The braves led us down a path, across the blood-red dirt of the village clearing, and into a huge open-air hut in the village center. Scores of bare-chested Indians, their faces smeared in red and black war paint, huddled cross-legged amid a thicket of clubs, arrows, and shotguns. An elderly chief stomped around the hut’s perimeter — beating his chest, thrusting his rifle into the air — as he boasted in Kayapo of his past military exploits.
Paiakan himself soon emerged from the forest with a broad black band painted across his eyes. He was wearing the same brilliant feather headdress that had framed his portrait on the cover of Veja. At his side he lugged a gleaming new 12-gauge shotgun. The son of one of A-ukre’s four elder headmen and one of the few villagers fluent in Portuguese, Paiakan was, in fact, a first among equals here; the recognition he had earned for himself and his people in the outside world had cemented his authority at home.
The federal police were threatening to invade the Kayapo reserve to capture Paiakan. Fearing a commando raid on the village, A-ukre’s warriors had blocked the airstrip with fallen trees. But on the two-way radio that linked the village to Rendencao, Paiakan had agreed to see the group of Indian rights activists I had hooked up with for the trip in. At the appointed hour, the trees were pulled from the airstrip to allow our bush plane to land
We read a grim determination beneath the paint on the assembled faces. The warriors were dimly aware of the anti-Indian vitriol building among the Brazilians beyond their rain forest homeland. No one knew if Paiakan had really done what his accusers alleged, and no one seemed to care; all perceived a common threat and closed ranks behind their leader.
Only one week earlier, the feds had stormed the homelands of the Guajajara further north to seize marijuana plants used in tribal ceremonies. The incident had passed without bloodshed; the Indians captured the agents, stripped them of their weapons and uniforms, and released them stark naked. But a showdown in A-ukre would have offered little chance for such comic relief.
The Kayapo have been far more successful in preserving their traditions in the midst of outside pressure than most rainforest peoples, many of which have disappeared altogether in the face of outside contact. Anthropologists attribute the Kayapo’s survival to a highly regimented village life. At puberty, boys move out of their families’ homes to live among the village chiefs and elders. They learn the arts of tracking, hunting, warfare, and the highly theatrical ceremonies that bond villagers in a solid communal identity.
They are arguably the most powerful tribe in the entire Amazon Basin.

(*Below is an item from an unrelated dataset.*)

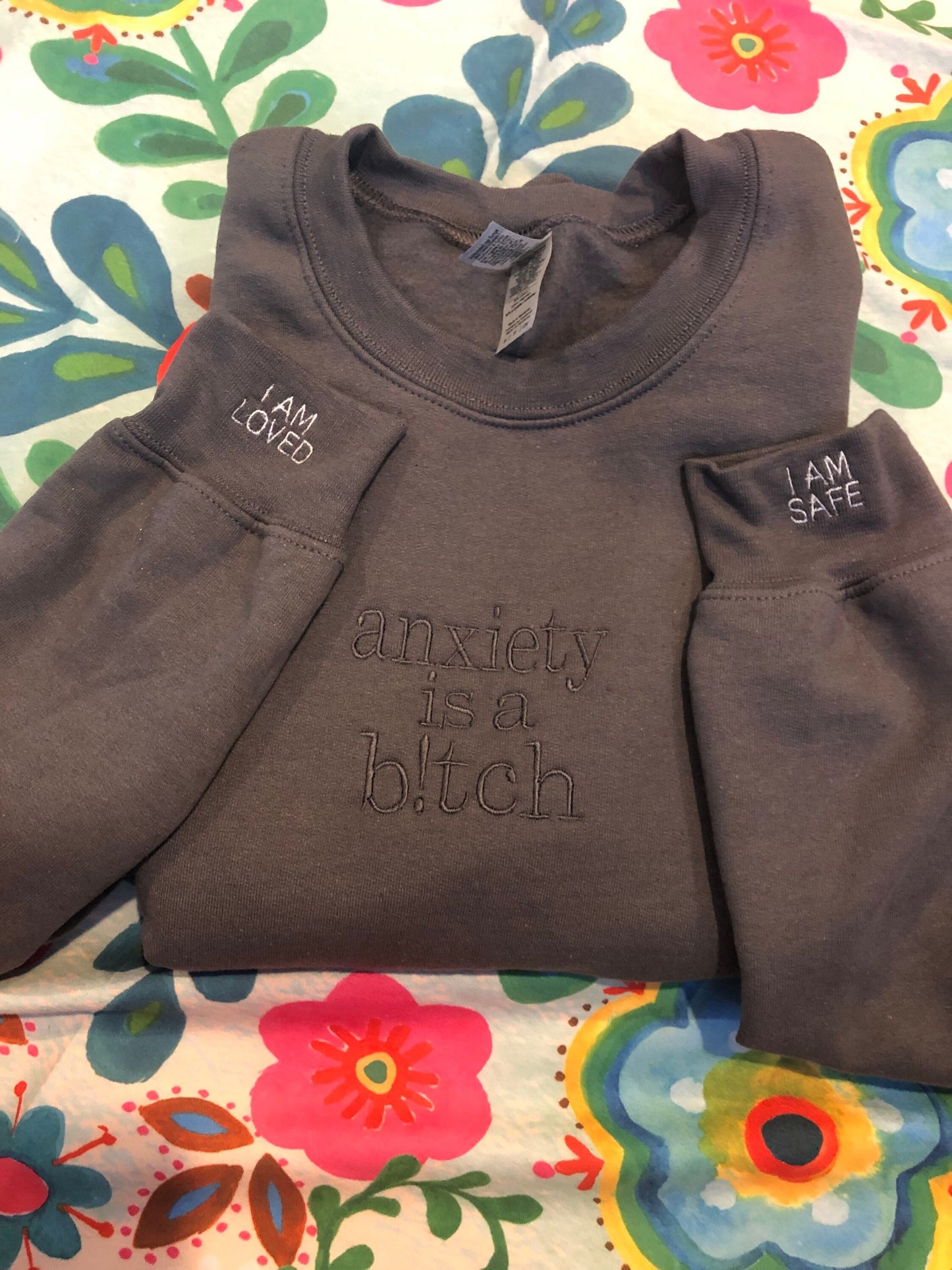 Anxiety is a b!tch embroidered sweatshirt | Anxiety Crewneck | Mental Health sweatshirt | affirmations on sleeve, I am safe, I am loved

Numbering only 4,000 or so, the Kayapo have formed the core of a resistance that — in league with neighboring tribes and international environmentalists — has halted an avalanche of ranchers, loggers and miners who have already decimated a huge swath of the eastern Amazon.

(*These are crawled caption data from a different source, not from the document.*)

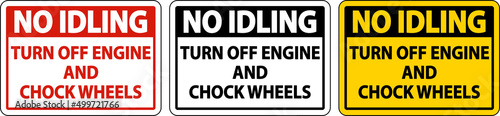 Turn Off Engine and Chock Wheels Sign On White Background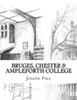 Bruges, Chester & Ampleforth College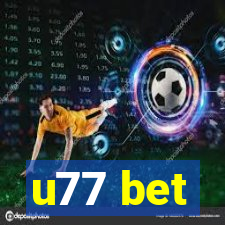 u77 bet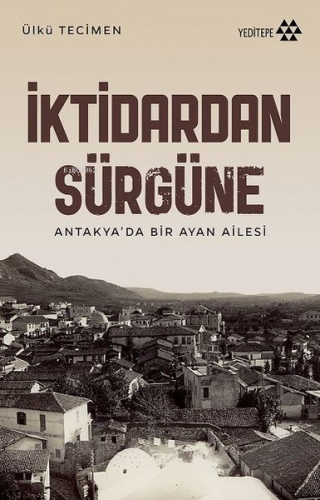 İktidardan Sürgüne - Antakya'da Bir Ayan Ailesi | Ülkü Tecimen | Yedit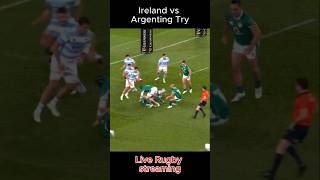 Irish Rugby try to score at Los Pumas  IRE v ARG Test 2024 🔥 ireland rugby [upl. by Suiratnauq]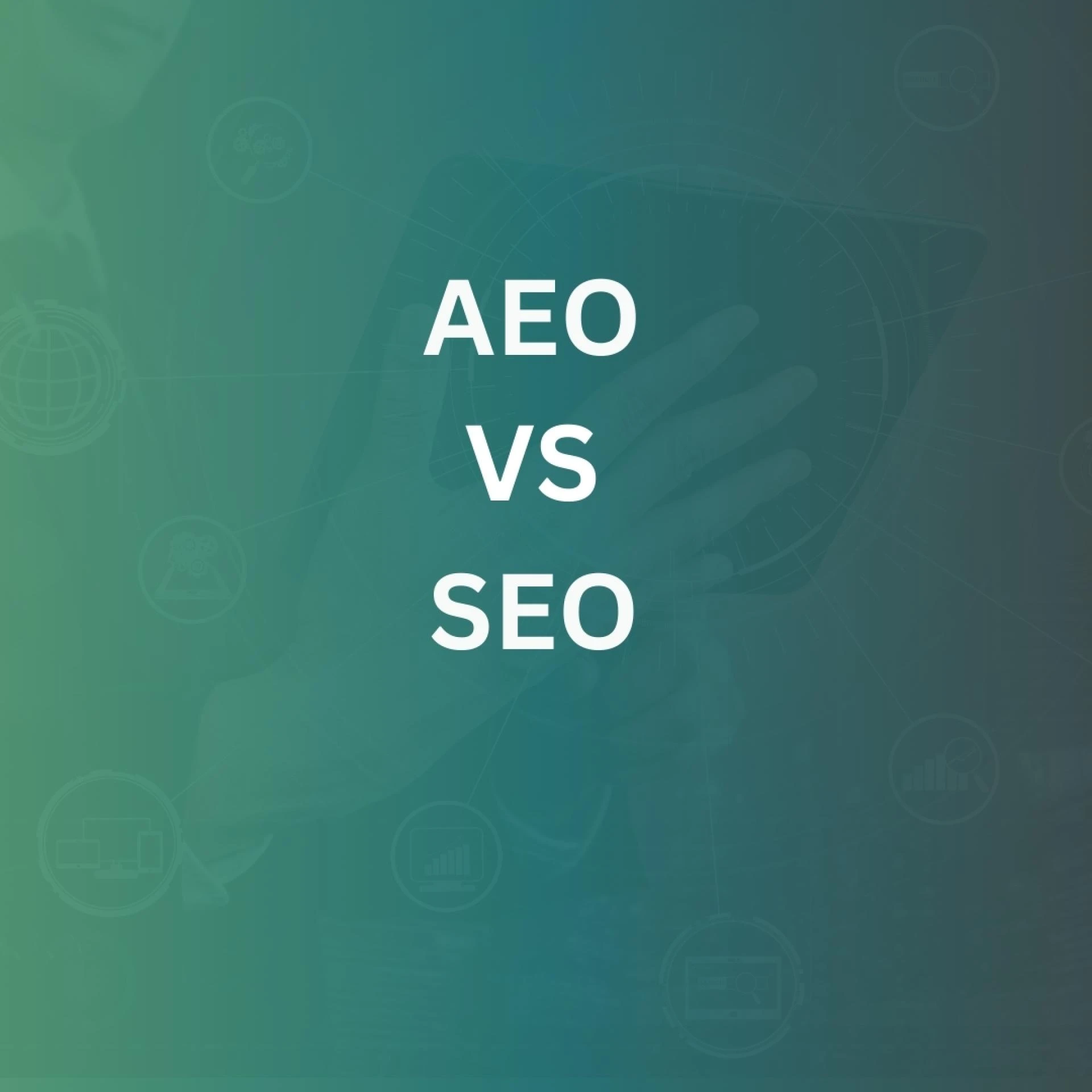 AEO vs. SEO: Why Answer Engine Optimization is Crucial for Digital Marketing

The Kayapo reserve and adjacent Indian lands embrace a treasure trove of near virgin rainforest — a defensive corridor several hundred miles in length that has, under now, eluded the grasp of rapacious developers. Which is why many believe the charges against Paiakan represented a cover for anti-Indian interests bent on cutting the Kayapo down to size and grabbing their resources.

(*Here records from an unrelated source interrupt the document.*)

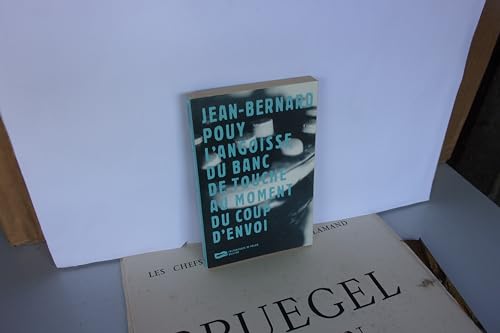 L'Angoisse du banc de touche au moment du coup d'envoi (9782842193522) by Pouy, Jean-Bernard
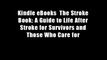 Kindle eBooks  The Stroke Book: A Guide to Life After Stroke for Survivors and Those Who Care for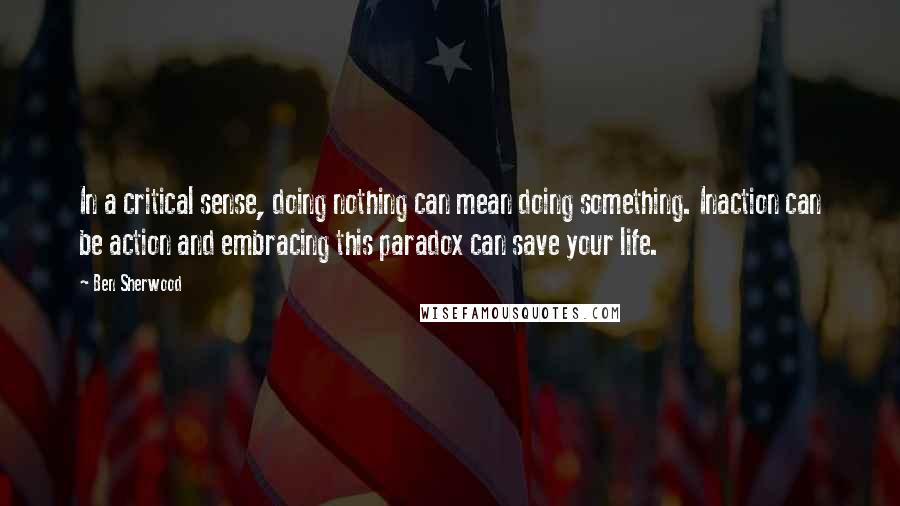 Ben Sherwood quotes: In a critical sense, doing nothing can mean doing something. Inaction can be action and embracing this paradox can save your life. Ben Sherwood quotes: In a critical sense, doing nothing can mean doing something. Inaction can be action and embracing this paradox can save your life.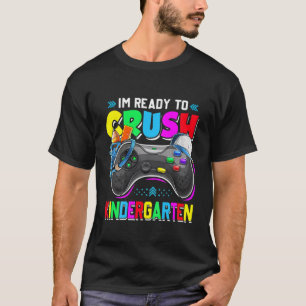 Kids I'm Ready To Crush Kindergarten Back To Schoo T-Shirt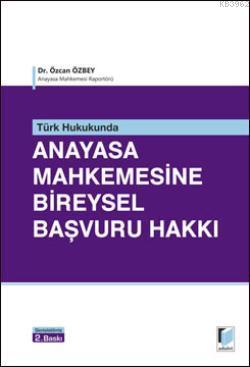 Türk Hukukunda Anayasa Mahkemesine Bireysel Başvuru Hakkı - Kitapiks.c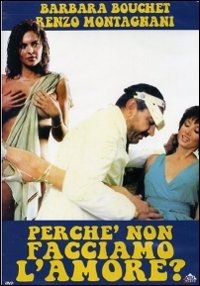 Cover for Perche' Non Facciamo l'Amore? (DVD)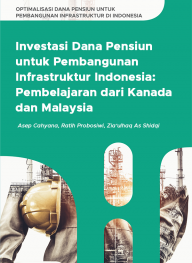Investasi Dana Pensiun untuk Pembangunan Infrastruktur Indonesia: Pembelajaran dari Kanada dan Malaysia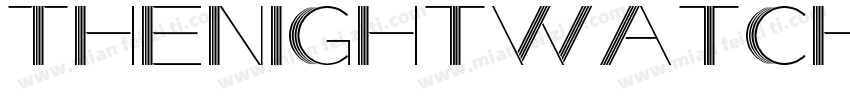 TheNightWatch Regular字体转换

In fact, my inquiries had already turned up a number of disturbing contradictions in the prosecution’s case. And with so much at stake, I was beginning to wonder if I wasn’t pushing my luck. The eastern Amazon is not the kind of place where red carpets are rolled out for outsiders asking lots of nosey questions. It is the most violent region in all of Brazil — an area where environmental devastation has proceeded on a massive scale under the aegis of a clique of ranchers and loggers who maintain their grip with threats and bribes and who, more often than not, dispense justice through the barrel of a gun.